* [Records for the task]:
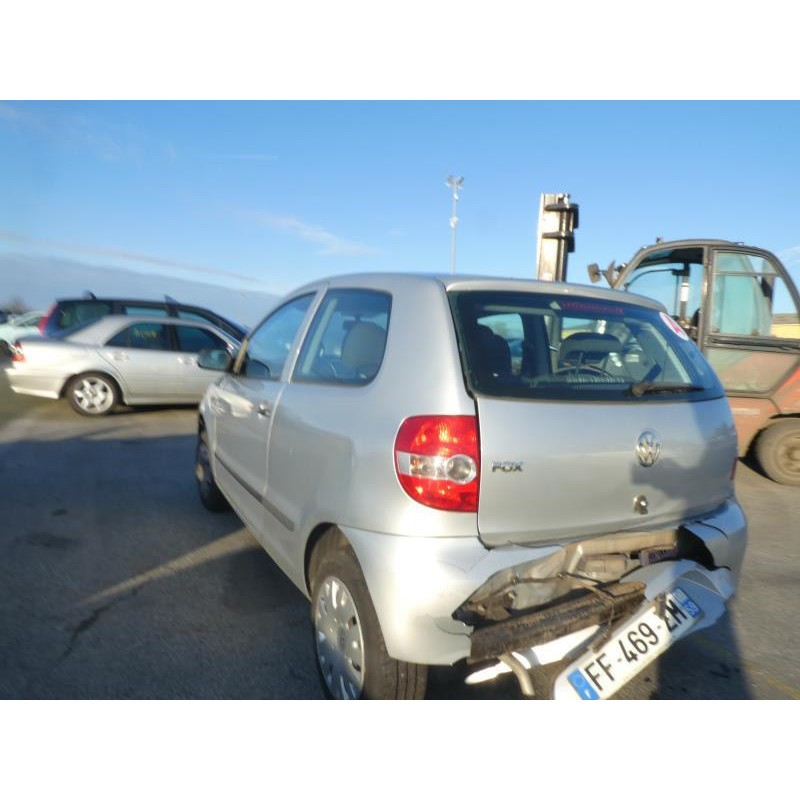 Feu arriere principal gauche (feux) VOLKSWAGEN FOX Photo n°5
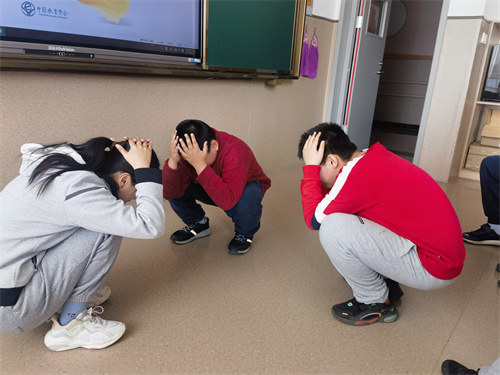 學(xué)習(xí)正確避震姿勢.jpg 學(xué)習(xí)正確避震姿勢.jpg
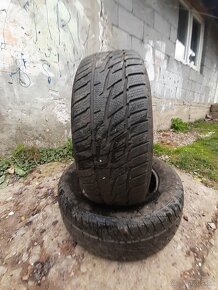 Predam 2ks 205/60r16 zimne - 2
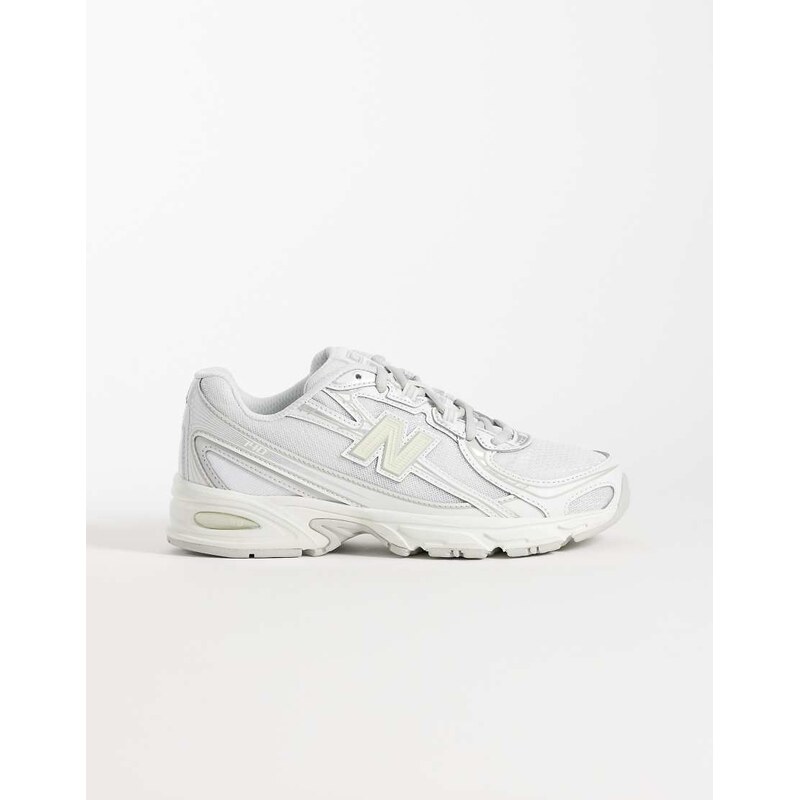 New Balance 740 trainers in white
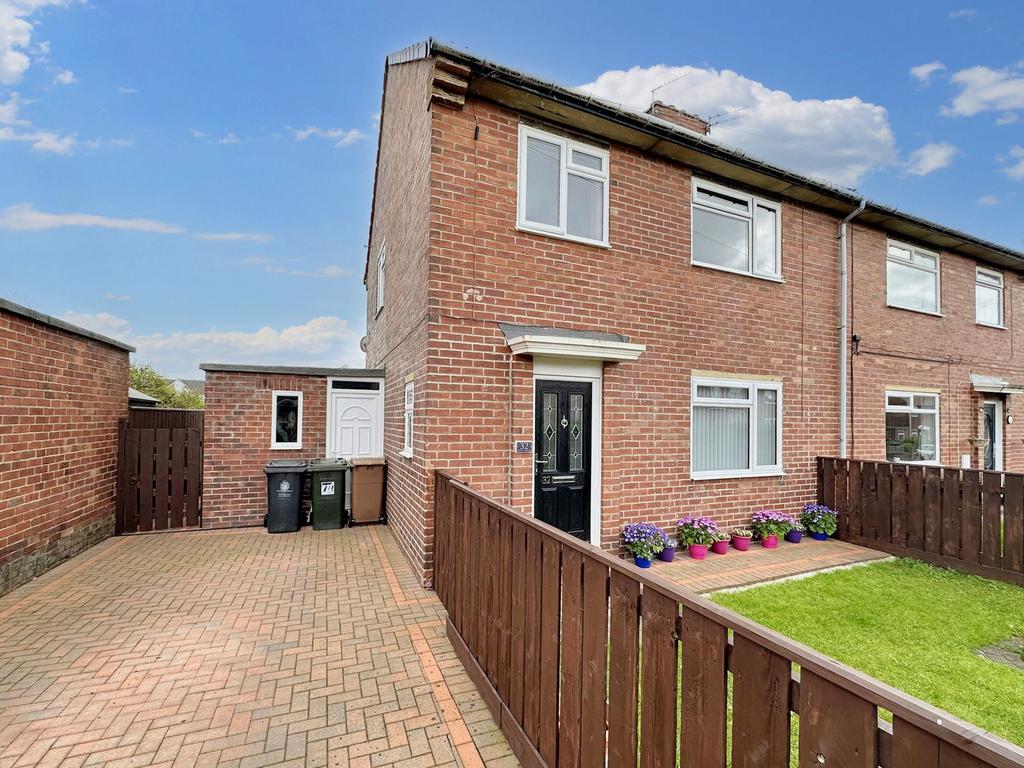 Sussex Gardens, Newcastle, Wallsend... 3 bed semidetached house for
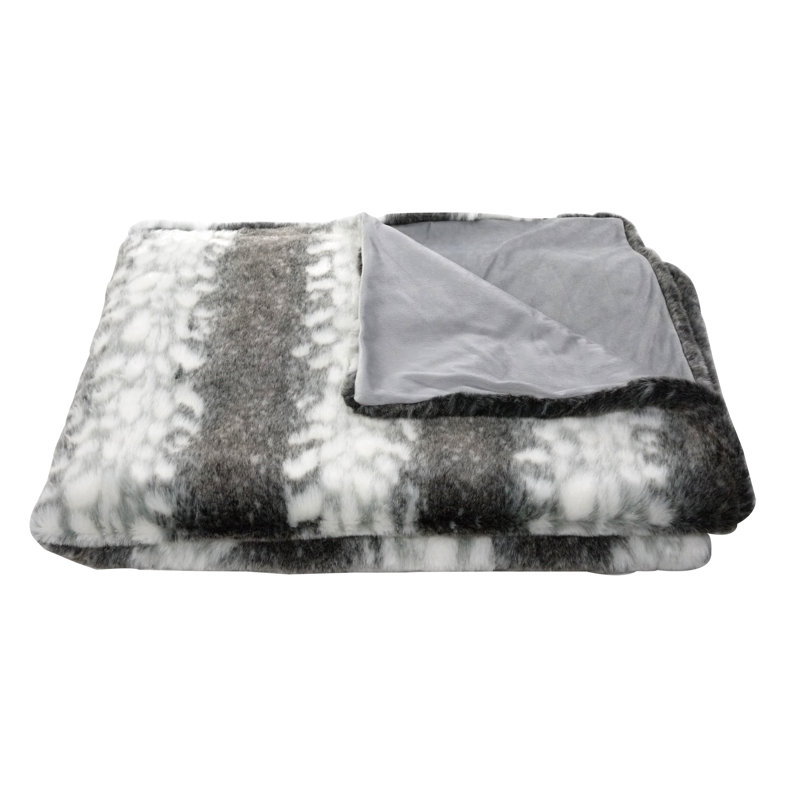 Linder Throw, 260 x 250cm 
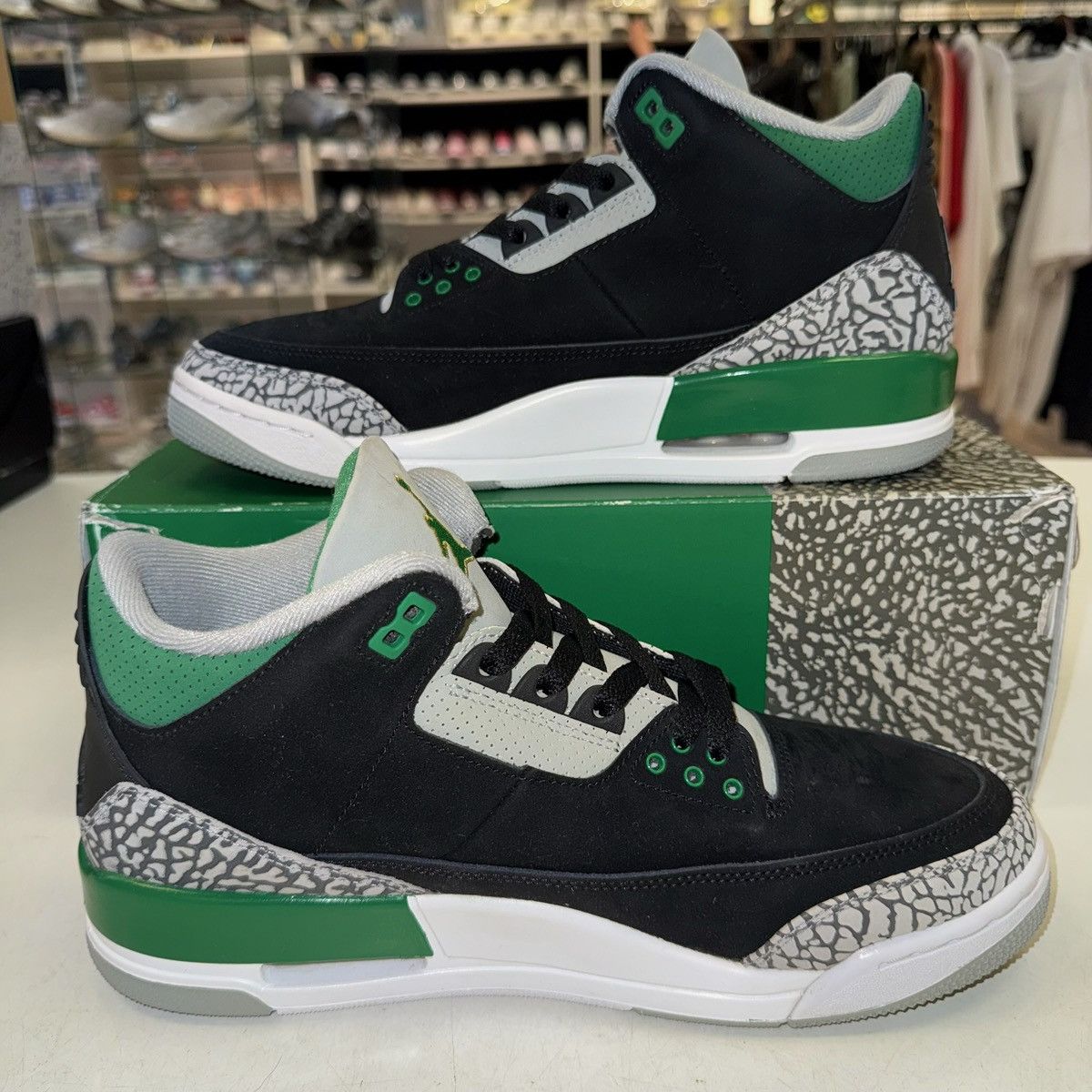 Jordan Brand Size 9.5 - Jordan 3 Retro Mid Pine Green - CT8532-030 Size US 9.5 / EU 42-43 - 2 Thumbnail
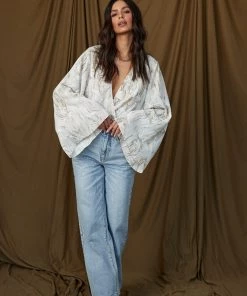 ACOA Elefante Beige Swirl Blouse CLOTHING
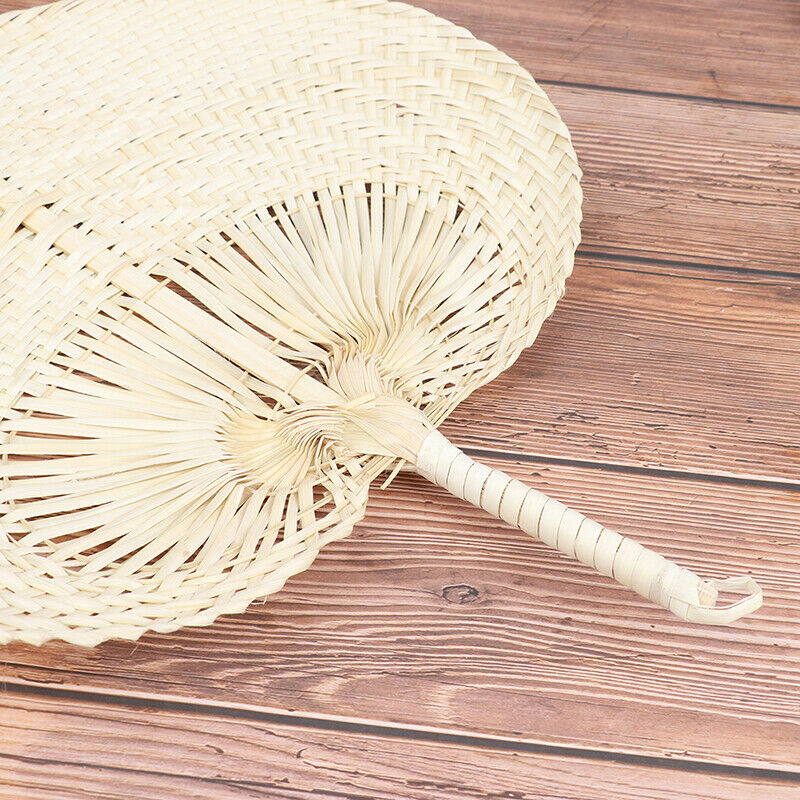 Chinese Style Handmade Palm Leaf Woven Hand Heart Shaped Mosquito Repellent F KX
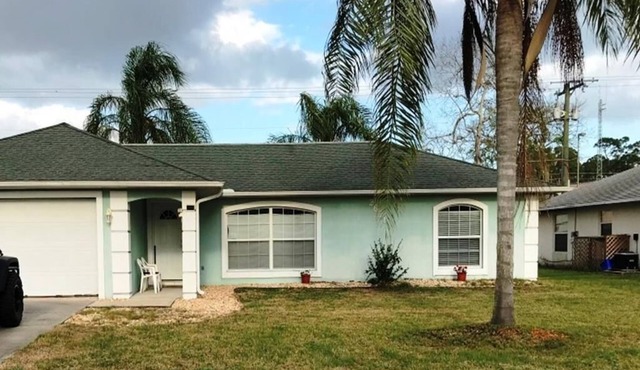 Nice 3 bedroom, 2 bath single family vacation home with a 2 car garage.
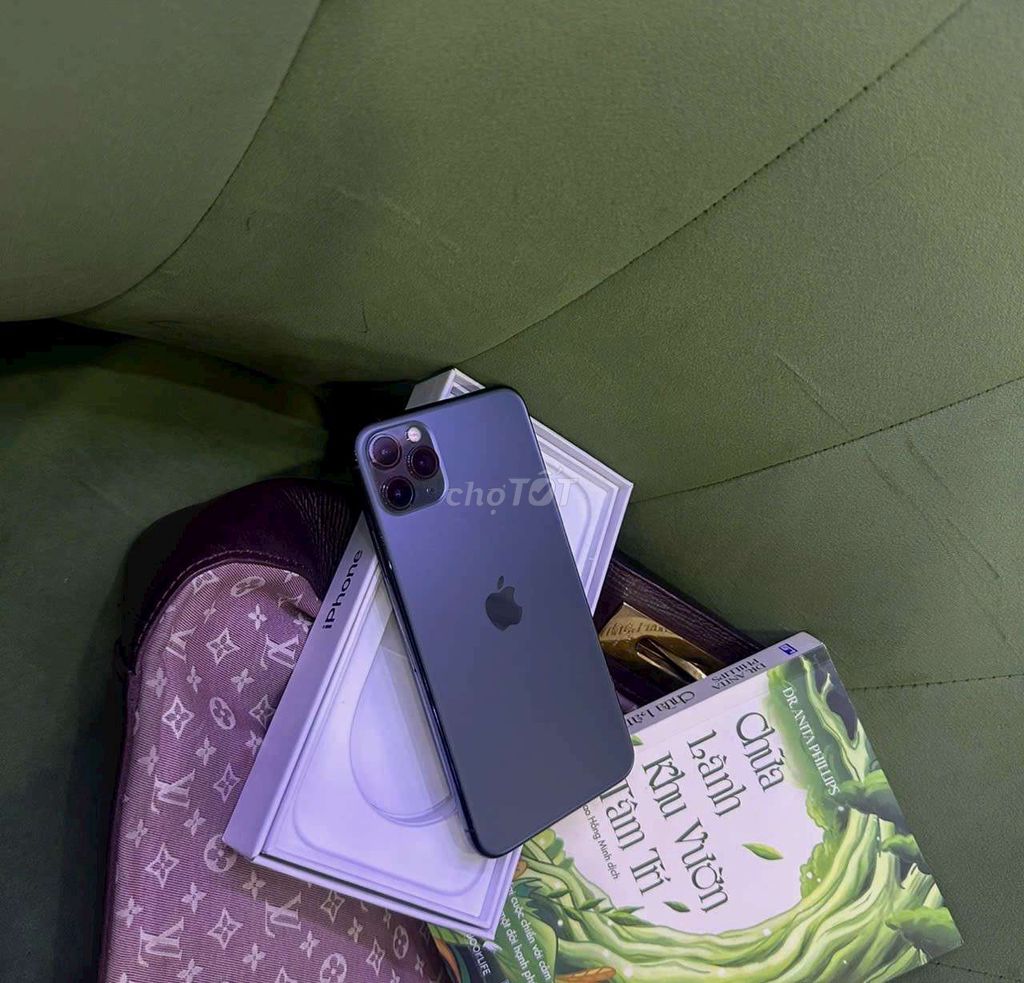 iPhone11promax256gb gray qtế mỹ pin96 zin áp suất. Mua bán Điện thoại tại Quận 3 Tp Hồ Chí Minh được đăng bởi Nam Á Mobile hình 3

* [Problem statement]: Write out, word for word, the stretch of entries that begins at the line with "New Balance 740 trainers in white" and ends at the line with "Chinese Style Handmade". Pictures do not belong in it.

* [Response to this exercise]:
 New Balance 740 trainers in white
 Sussex Gardens, Newcastle, Wallsend... 3 bed semidetached house for
 Linder Throw, 260 x 250cm 
 Jordan Brand Size 9.5 - Jordan 3 Retro Mid Pine Green - CT8532-030 Size US 9.5 / EU 42-43 - 2 Thumbnail
 ACOA Elefante Beige Swirl Blouse CLOTHING
 Chinese Style Handmade Palm Leaf Woven Hand Heart Shaped Mosquito Repellent F KX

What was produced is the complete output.